Changes in Cuban Laws and the Creation of the Mariel Special Development Zone

Concurrently with the thawing of US-Cuba relations and all of the changes undertaken by the US set forth above, Cuba has implemented changes to its own laws and regulations in an attempt to make itself more attractive to foreign investors.

Law 313 and ancillary regulations, in effect since November 1, 2013, created the Zone, the site for Unilever’s and Cleber’s presently proposed factories. The Zone features a 0% profit tax during 10 years and extensions may be granted by government exemption. Following the initial 10 year period, profits are taxed at 12% while reinvested profits are not taxed at all. Labor taxes and contributions to local development are also exempted in the Zone. Taxes on sales or services are exempted during the first year of operations and are 1% after the first year.

In early 2014, the Cuban government also passed a new foreign investment law. Law 118, the “Law of Foreign Investment” offers deep tax cuts and provides investment security to investors. For investments not taking place in the Zone, Law 118 provides a 0% profit tax during the initial 8 years of operations in Cuba. After the initial 8 years, investors pay a 15% profit tax, which is subject to increase by an additional 50% for exploitation of natural resources. Law 118 also seeks to reduce labor costs and provide protection from expropriation.

On June 17, 2014, the Cuban government promulgated Law 116, Cuba’s new labor code. The new labor code, intended to recover labor discipline and strengthen trade unions’ role in ensuring efficient production, allows employers to, among other things, undertake various disciplinary actions for violations of work discipline, such as fines of up to 25% of the worker’s base salary which may be garnished in amounts of up to 10% of the worker’s base salary each month. Thus, this law is intended to address some of the issues that Unilever encountered in Cuba in its prior venture in the island and thereby attract foreign investment.
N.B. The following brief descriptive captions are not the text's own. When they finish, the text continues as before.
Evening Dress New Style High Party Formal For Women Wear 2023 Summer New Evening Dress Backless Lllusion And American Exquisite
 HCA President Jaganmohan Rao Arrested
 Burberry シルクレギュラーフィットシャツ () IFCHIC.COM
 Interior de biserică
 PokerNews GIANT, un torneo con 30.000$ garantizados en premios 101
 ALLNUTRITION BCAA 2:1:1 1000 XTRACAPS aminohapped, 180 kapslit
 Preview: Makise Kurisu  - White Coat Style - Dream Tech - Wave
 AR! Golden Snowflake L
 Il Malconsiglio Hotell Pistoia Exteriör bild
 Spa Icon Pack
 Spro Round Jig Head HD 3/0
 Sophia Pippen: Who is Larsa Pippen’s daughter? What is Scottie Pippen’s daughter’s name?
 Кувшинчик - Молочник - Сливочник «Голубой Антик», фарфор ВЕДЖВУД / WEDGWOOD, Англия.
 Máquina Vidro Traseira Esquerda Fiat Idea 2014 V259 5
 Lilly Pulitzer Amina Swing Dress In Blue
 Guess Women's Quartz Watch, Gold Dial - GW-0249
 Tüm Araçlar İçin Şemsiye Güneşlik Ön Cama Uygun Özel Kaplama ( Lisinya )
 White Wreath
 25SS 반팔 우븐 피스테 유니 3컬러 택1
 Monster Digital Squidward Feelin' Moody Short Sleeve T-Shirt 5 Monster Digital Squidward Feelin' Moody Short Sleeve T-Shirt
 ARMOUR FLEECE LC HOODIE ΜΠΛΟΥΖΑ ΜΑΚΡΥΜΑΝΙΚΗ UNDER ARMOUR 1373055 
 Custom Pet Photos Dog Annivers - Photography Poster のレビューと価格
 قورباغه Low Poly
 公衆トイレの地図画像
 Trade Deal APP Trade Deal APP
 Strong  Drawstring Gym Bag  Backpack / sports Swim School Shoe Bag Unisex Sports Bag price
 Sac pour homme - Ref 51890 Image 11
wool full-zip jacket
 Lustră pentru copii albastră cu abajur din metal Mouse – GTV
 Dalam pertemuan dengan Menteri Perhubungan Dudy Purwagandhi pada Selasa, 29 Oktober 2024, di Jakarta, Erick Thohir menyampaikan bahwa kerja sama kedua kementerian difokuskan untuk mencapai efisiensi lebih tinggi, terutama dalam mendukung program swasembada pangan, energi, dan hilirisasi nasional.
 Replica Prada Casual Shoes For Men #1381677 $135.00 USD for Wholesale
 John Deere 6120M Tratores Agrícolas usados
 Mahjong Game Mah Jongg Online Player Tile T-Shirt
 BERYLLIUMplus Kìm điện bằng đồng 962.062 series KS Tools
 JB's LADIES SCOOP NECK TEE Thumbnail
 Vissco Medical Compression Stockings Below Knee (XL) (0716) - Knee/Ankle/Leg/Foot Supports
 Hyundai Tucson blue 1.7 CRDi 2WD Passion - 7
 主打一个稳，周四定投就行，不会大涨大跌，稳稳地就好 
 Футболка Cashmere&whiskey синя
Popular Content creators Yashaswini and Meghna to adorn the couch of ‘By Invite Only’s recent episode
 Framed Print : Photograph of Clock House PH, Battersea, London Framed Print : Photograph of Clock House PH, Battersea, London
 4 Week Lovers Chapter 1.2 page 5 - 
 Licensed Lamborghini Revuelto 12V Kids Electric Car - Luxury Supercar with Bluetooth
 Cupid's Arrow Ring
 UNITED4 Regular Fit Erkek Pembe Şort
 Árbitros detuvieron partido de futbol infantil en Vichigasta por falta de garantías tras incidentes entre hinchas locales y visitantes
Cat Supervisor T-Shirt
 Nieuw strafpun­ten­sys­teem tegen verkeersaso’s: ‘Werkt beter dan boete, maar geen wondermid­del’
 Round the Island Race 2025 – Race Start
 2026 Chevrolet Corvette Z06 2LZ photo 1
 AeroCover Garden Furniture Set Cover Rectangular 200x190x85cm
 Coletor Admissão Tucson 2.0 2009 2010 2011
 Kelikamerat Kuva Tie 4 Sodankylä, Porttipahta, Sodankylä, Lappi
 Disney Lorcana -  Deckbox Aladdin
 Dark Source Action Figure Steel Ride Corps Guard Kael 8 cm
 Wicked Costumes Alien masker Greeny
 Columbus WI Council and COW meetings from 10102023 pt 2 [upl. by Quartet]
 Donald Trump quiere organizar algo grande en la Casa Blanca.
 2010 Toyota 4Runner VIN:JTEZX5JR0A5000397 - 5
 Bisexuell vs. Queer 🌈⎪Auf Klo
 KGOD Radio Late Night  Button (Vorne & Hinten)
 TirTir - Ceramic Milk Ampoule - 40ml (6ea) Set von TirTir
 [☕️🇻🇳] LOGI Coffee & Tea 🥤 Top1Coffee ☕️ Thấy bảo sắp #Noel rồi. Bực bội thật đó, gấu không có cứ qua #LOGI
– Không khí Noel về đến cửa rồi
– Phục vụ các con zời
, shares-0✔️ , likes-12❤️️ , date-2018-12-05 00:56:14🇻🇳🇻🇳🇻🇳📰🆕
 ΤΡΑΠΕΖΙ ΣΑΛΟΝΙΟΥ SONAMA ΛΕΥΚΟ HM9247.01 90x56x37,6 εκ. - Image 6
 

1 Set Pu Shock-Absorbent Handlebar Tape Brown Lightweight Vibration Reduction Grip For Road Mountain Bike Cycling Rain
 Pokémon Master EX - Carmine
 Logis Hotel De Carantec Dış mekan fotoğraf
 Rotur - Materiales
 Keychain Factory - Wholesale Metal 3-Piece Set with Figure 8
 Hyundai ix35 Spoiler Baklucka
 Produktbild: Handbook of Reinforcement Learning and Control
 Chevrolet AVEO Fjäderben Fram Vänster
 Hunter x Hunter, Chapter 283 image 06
In addition to the foregoing, Cuba has also begun to evaluate a path to unify its currencies. Cuba currently has two currencies, the Cuban peso (“CUP”) and the Cuban convertible peso (“CUC”). The CUP circulates largely in the domestic economy while the CUC is used primarily by foreign investors and in tourism. Unification of the currencies, the date of which remains uncertain, would allow foreign companies to participate in the domestic Cuban economy, which has been nearly exclusively reserved for Cuban state-owned entities. With currency unification, Unilever, Cleber and similar foreign investors would be able to compete head-to-head with Cuban state-owned enterprises in a single national market.

Conclusion

Recent changes to Cuban laws and regulations governing the foreign investment, currency, taxation and labor systems, in conjunction with the normalization of US-Cuba relations, have generated interest for foreign investment in Cuba from not only US companies, but also foreign businesses seeking a first  mover advantage over US companies that may become future investors. The result of the recent changes is to create a more investment-friendly environment in Cuba that has attracted companies like Unilever, which had left the Cuban market, and newcomers like Cleber. Others have moved their existing Cuban operations from other parts of the island into the more tax-favorable Zone.